In [11]:
import os
import tarfile
import pandas as pd
from pandas.plotting import scatter_matrix
from six.moves import urllib
import numpy as np
from sklearn.model_selection import train_test_split #package for splitting up the test and training data
from sklearn.model_selection import StratifiedShuffleSplit #for stratified sampling
import matplotlib.pyplot as plt 
from sklearn.preprocessing import Imputer
from sklearn.preprocessing import LabelEncoder
from sklearn.preprocessing import OneHotEncoder

DOWNLOAD_ROOT = "https://raw.githubusercontent.com/ageron/handson-ml/master/"
HOUSING_PATH = "datasets/housing"
HOUSING_URL = DOWNLOAD_ROOT + HOUSING_PATH + "/housing.tgz"

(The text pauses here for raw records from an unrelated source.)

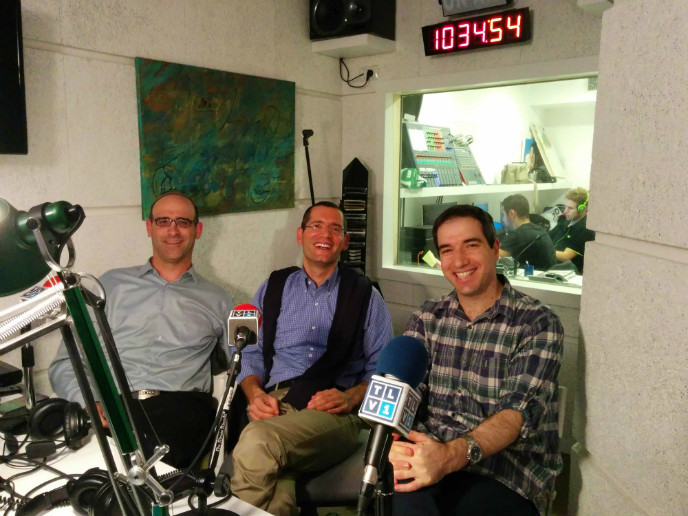 In the TLV1 studio, from left, Gadi Levin of LabStyle, Nadav Kidron of Oramed and Yishai Knobel of Helparound. 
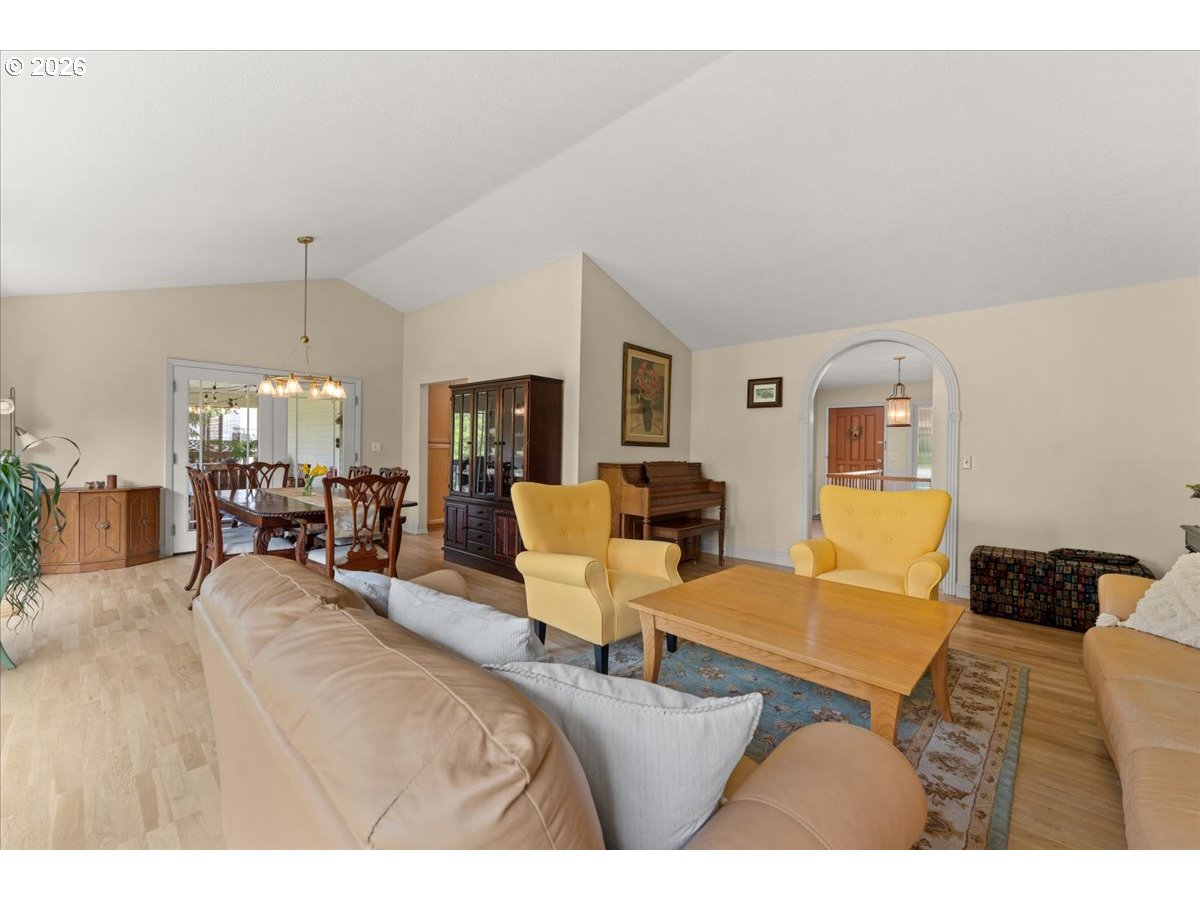 29 WESTRIDGE DR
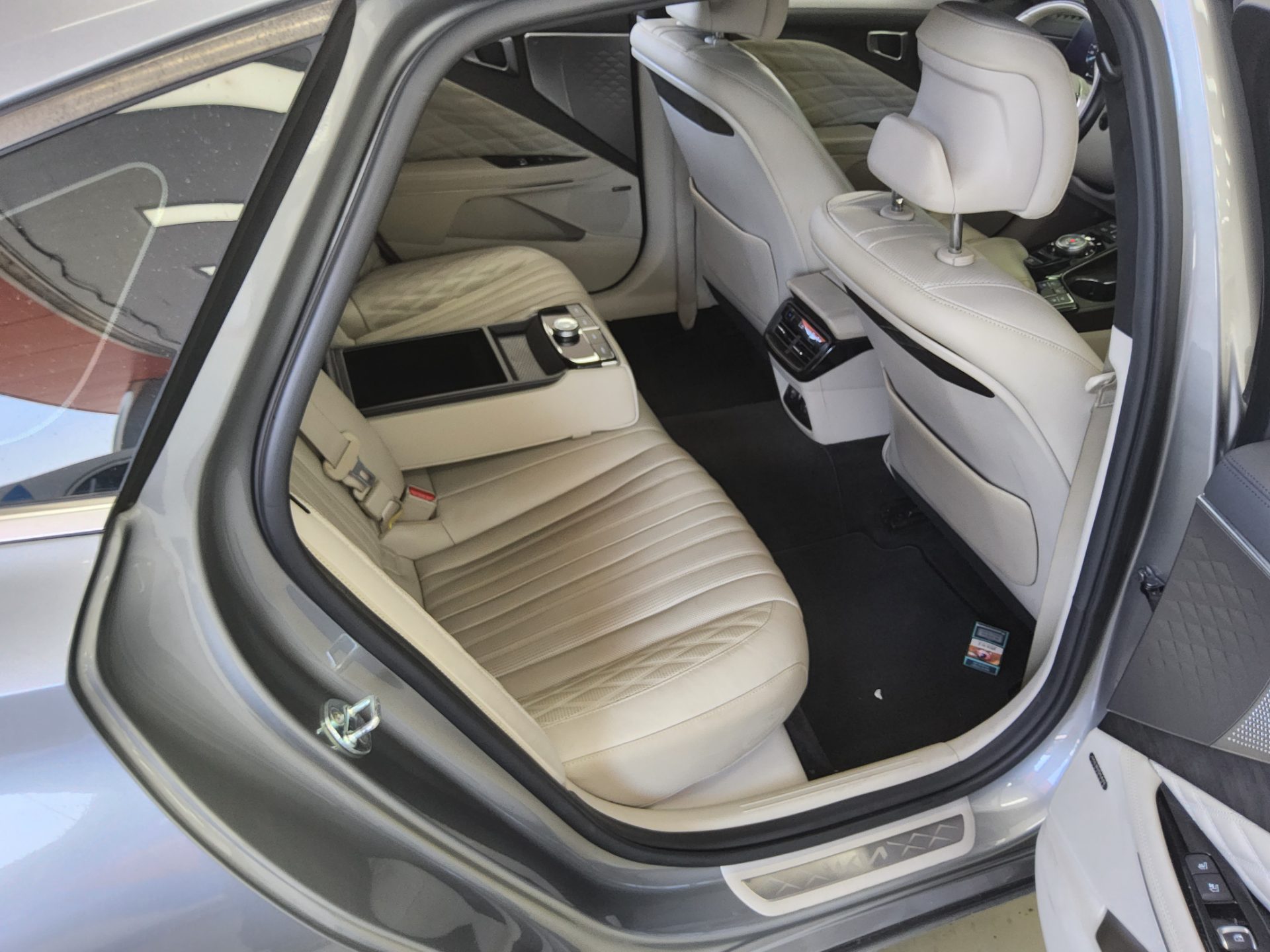 2022 - kia k8
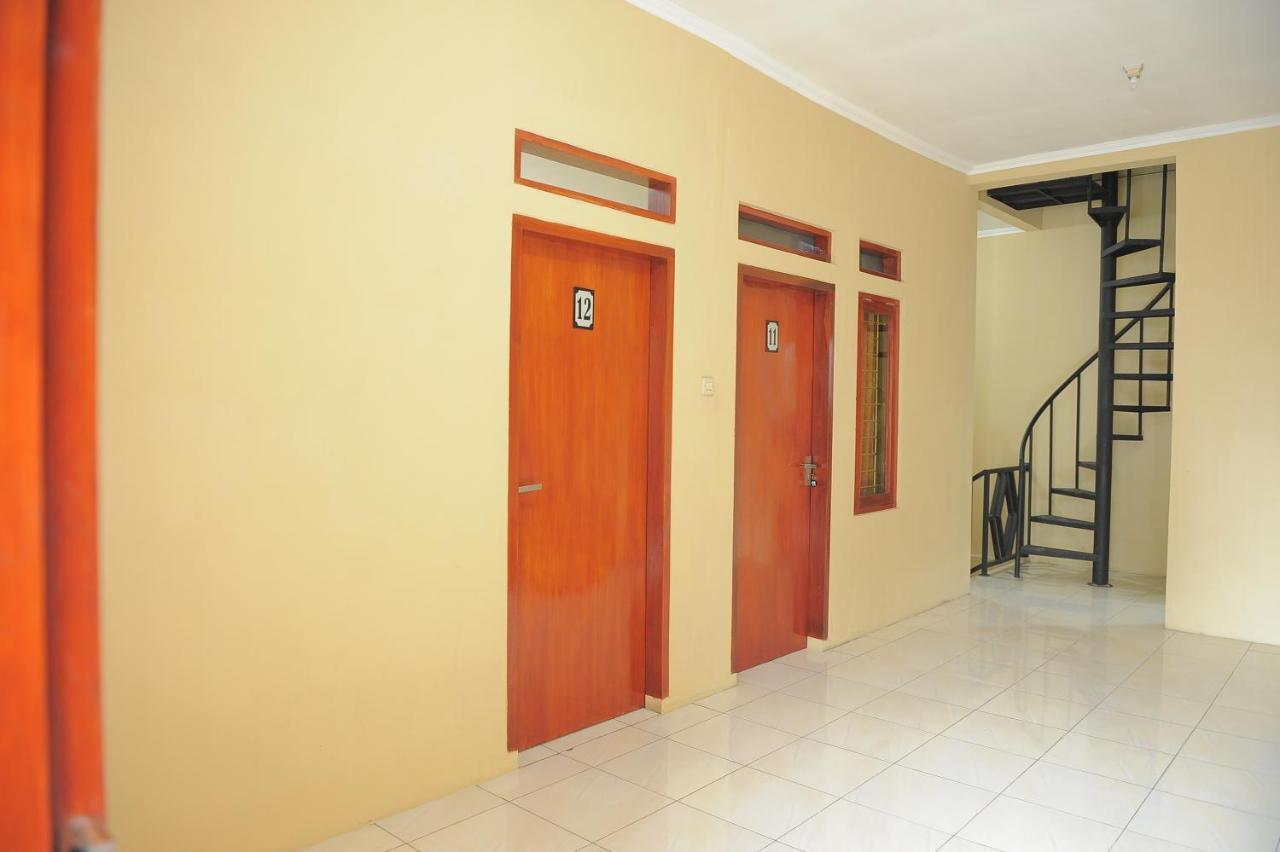 Spot On 2891 999 Guest House Sumedang Exterior photo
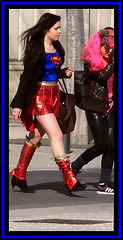 Photographe Paule /  Superwoman en bottes à talons hauts - Superwoman in high-heeled boots - Originale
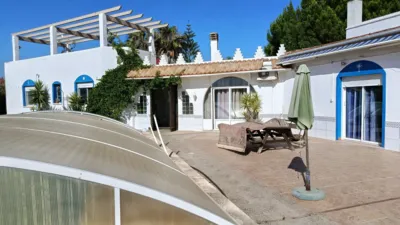 Detached villa at Pasaje los Morenos, No. 2 photo 18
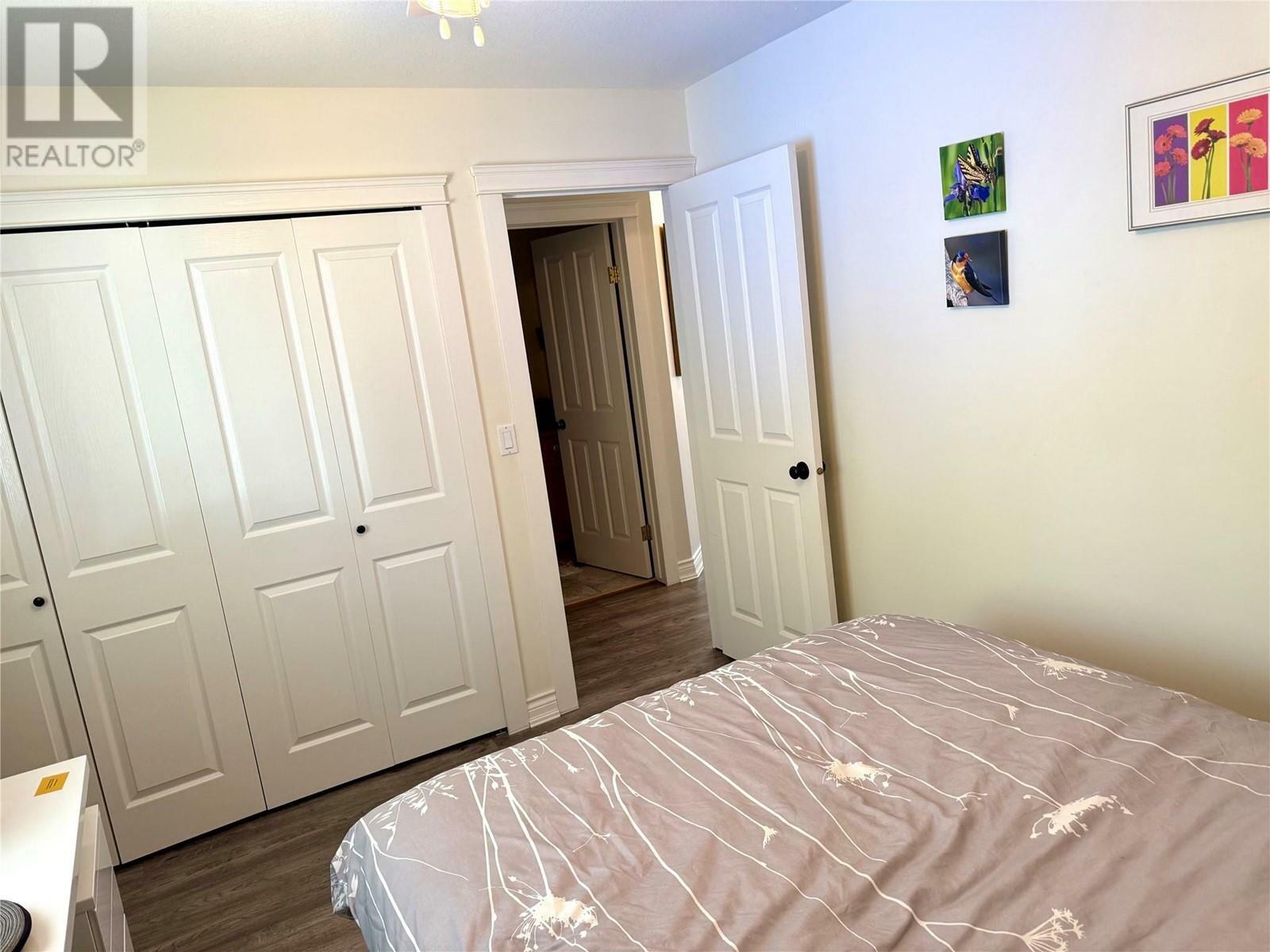 GRAND FORKS, British Columbia, V0H 1H0, CA, 5 Bedrooms Bedrooms, ,2 BathroomsBathrooms,Residential,For Sale,1837814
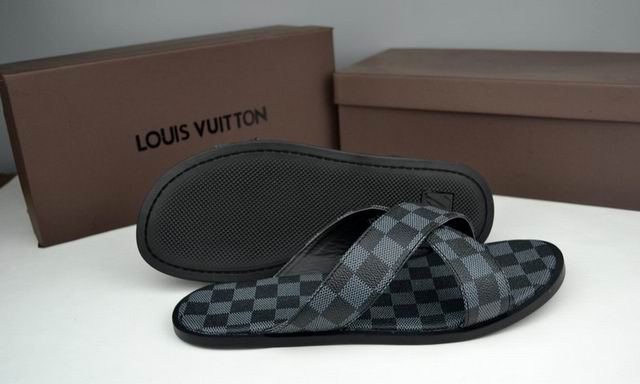 2017 LU slippers man 38-46-155
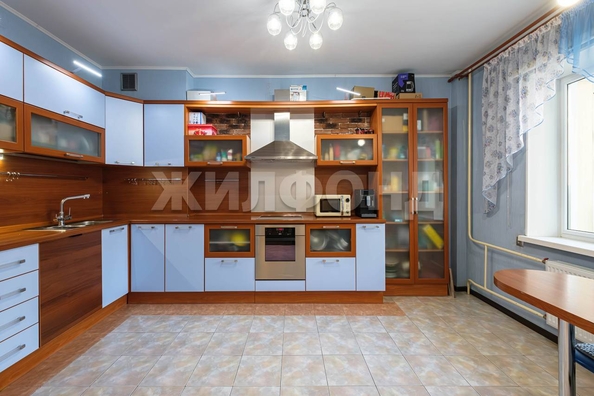 
  Продается 3-комн. квартира, 113.2 м², Галущака ул, д. 3
. Фото 3.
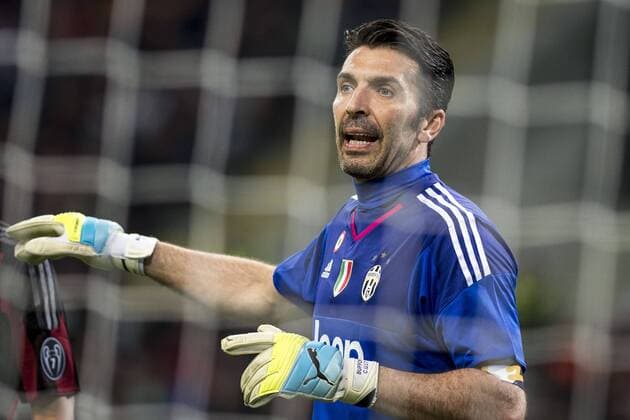 Gianluigi Buffon (Juventus), APRIL 9, 2016 - Football Soccer : Italian Serie A match between AC Milan 1-2 Juventus at Stadio Giuseppe Meazza in Milan, Italy. Noxthirdxpartyxsales  (bxlb060265)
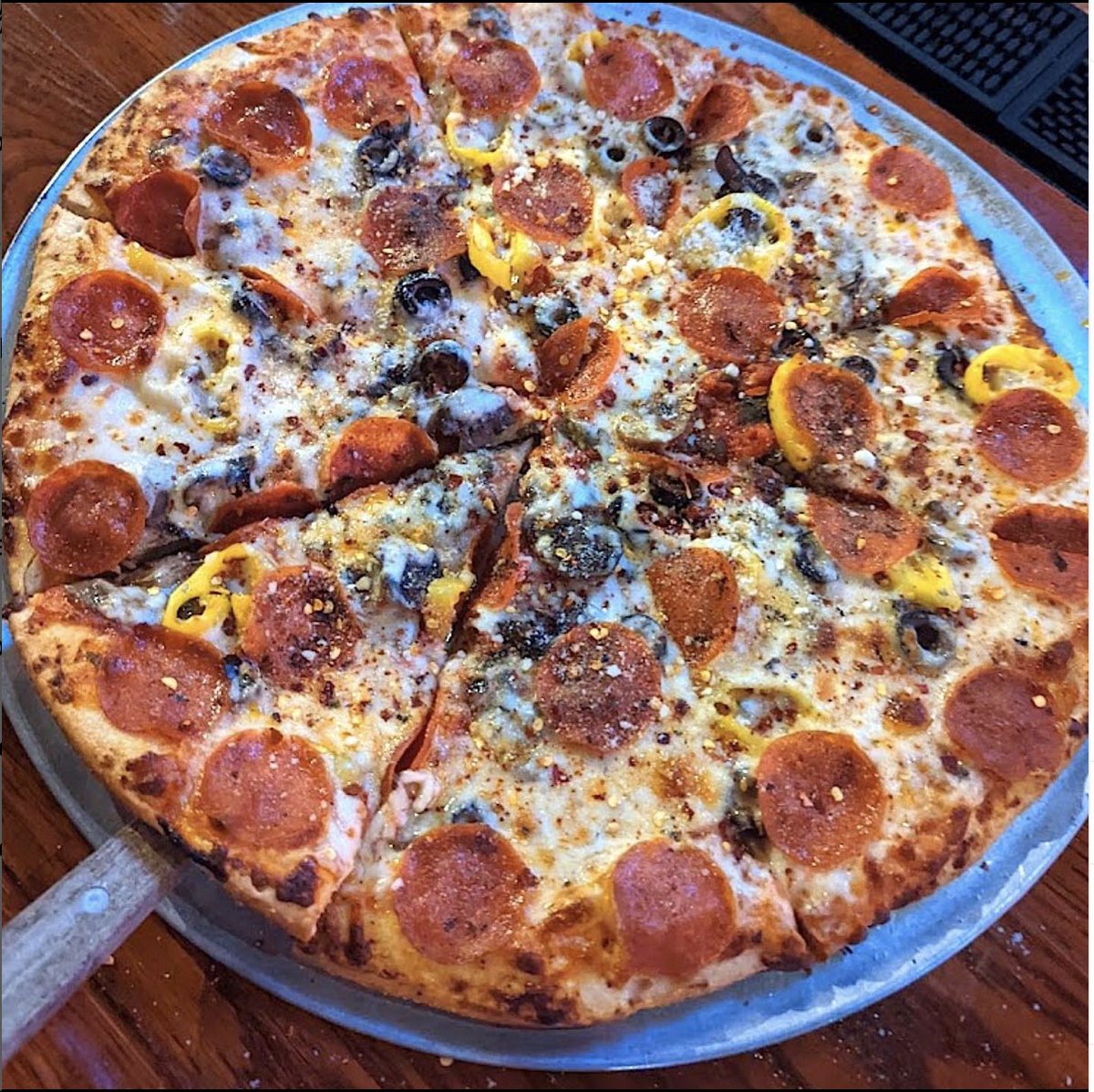Tonight: $10 Whole Pizzas pick your toppings 🍕🍕
Tomorrow: $10 BBQ Platters 🔥🔥

All Week Long: Fill up a growler with your favorite brew and get a whole pizza for $10 more 🍺🍺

# loads the housing data from github
def fetch_housing_data(housing_url=HOUSING_URL, housing_path=HOUSING_PATH):
    if not os.path.isdir(housing_path): #checks to see if dir exists
        os.makedirs(housing_path)
    tgz_path = os.path.join(housing_path, "housing.tgz") #path for zip file
    urllib.request.urlretrieve(housing_url, tgz_path) #requests zip file and stores it in location
    housing_tgz = tarfile.open(tgz_path) #opens the file
    housing_tgz.extractall(path=housing_path) #extracts the file
    housing_tgz.close() #closes file
# reads csv file for data
def load_housing_data(housing_path=HOUSING_PATH):
    csv_path = os.path.join(housing_path, "housing.csv") #creates link to path of file
    return pd.read_csv(csv_path) #returns file that was previously downloaded

housing = load_housing_data() 
#splits the housing data into a training set and a test set

#median income data is reduced in order to stratify the data
housing["income_cat"] = np.ceil(housing["median_income"] / 1.5) # divides values by 1.5 and rounds up
housing["income_cat"].where(housing["income_cat"] < 5, 5.0, inplace=True) #sets all values that are greater than 5 to 5

#splits data into test and training sets using stratified method
split = StratifiedShuffleSplit(n_splits=1, test_size=.2, random_state=42)
for train_index, test_index in split.split(housing, housing["income_cat"]):
    strat_train_set = housing.loc[train_index]
    strat_test_set = housing.loc[test_index]
#drops the income_cat used for indexing
for set in (strat_train_set, strat_test_set):
    set.drop(["income_cat"], axis=1, inplace=True)
housing = strat_train_set.copy()
# housing.plot(kind="scatter", x="longitude", y="latitude", alpha=.1,
#             s=housing["population"]/100,
#             label="population",
#             c="median_house_value", 
#             cmap=plt.get_cmap("jet"), colorbar=True) #scatterplot of lon and lat vals of the houses,
# plt.legend()

# attributes = ["median_house_value", "median_income", "total_rooms", "housing_median_age"] #main attr for comparing
# scatter_matrix(housing[attributes], figsize=(12, 8)) #scatterplot of main attr
# housing.plot(kind="scatter", x="median_income", y="median_house_value", alpha=.1) #see coorelation between median_income and house val

housing["rooms_per_household"] = housing["total_rooms"]/housing["households"]#number of rooms per households
housing["bedrooms_per_room"] = housing["total_bedrooms"]/housing["total_rooms"] #number of bedrooms per household
housing["population_per_household"] = housing["population"]/housing["households"]#average population for each household

corr_matrix = housing.corr()#gets standard coorelation cooefficent for housing data
corr_matrix["median_house_value"].sort_values(ascending=False)#how much each variable coorelates with median_house_val

housing = strat_train_set.drop("median_house_value", axis=1) #drops the median_house_value 
housing_labels = strat_train_set["median_house_value"].copy()#copies in order to seperate predictors and labels

# housing.dropna(subset=["total_bedroom"]) #drops districts that have null values for total_bedroom
imputer = Imputer(strategy="median") #new importer object that is meant to find median values
housing_num = housing.drop("ocean_proximity",  axis=1) #imputer doesn't work with non-numerical vals
imputer.fit(housing_num) #apply the imputer onto the dataset
X = imputer.transform(housing_num) #transforms the housing_num set
housing_tr = pd.DataFrame(X, columns=housing_num.columns) #transforms numpy array into pandas dataframe

encoder = LabelEncoder() #converts text values to number values, assumes nearby values are more similiar then far apart ones
housing_cat = housing["ocean_proximity"] #selects ocean proximity array which is only text
housing_cat_encoded = encoder.fit_transform(housing_cat)#apply transform on text category
encoder = OneHotEncoder() #converts text to number with a hot and cold attr
housing_cat_1hot = encoder.fit_transform(housing_cat_encoded.reshape(-1,1)) #applies the hot and cold attr



<16512x5 sparse matrix of type '<class 'numpy.float64'>'
	with 16512 stored elements in Compressed Sparse Row format>